恋獄 ~ 囚われの花 ~【完】
3.月杜家の御曹司
15:30。
放課後、花澄は筆記用具を片手に生徒会室へと向かっていた。
招集されるのは約2週間ぶりだ。
この時期だと、新入生向けの部活のオリエンテーション……だろうか。
久しぶりの招集に少し緊張しながら、花澄は本館3階にある生徒会室の扉を開けた。
生徒会室は10メートル四方ほどの広さで、3階の西にあるため夕方になると西日がきつい。

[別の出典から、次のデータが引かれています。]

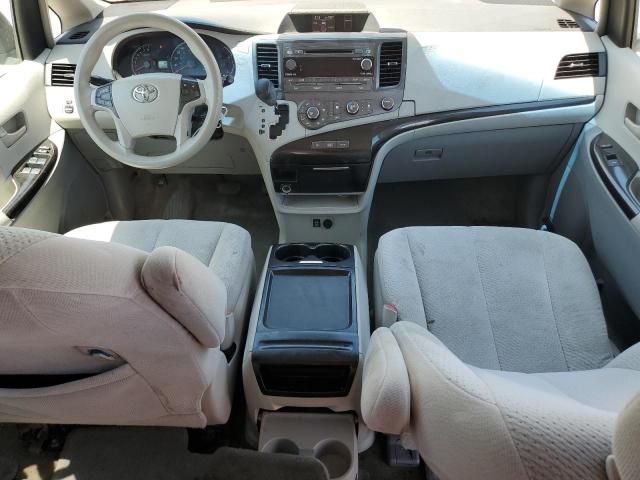 2011 Toyota Sienna LE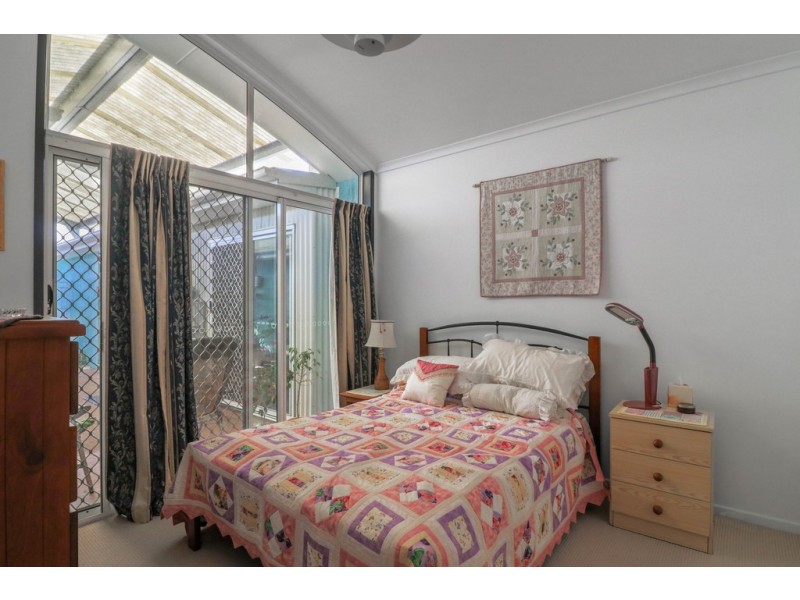 9 Whimbrel Grove, Eli Waters QLD 4655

窓から差し込む西日に思わず目を細めた花澄に、窓際に立っていた男子生徒が声をかける。
「早いね、花澄ちゃん。まだ俺達しか来てないよ」
と、爽やかなテノールの声で言うのは……。
月杜雪也。高校三年生。
『月杜家の孫二人』の弟の方で、生徒会副会長の任に就いている。
甘く端整な顔立ちに、陶器のような肌、ふわっとした黒褐色の髪。
そして月の光を溶かしたかのような、透明感のある切れ込みの深い二重の瞳。
背も高く、シンプルなブレザーとタイがその均整のとれた体によく似合っている。
性格は明るく爽やかで、御曹司のせいか少し大人びた面もあるが、たまに冗談を言ったりするなどクラスでも生徒会でもムードメーカー的役割を果たしている。
環と同じく非常に人気があるが、雪也の場合はその柔らかな性格ゆえか、女子生徒だけではなく男子生徒からも慕われている。
まさに『正統派王子』といった感じだ。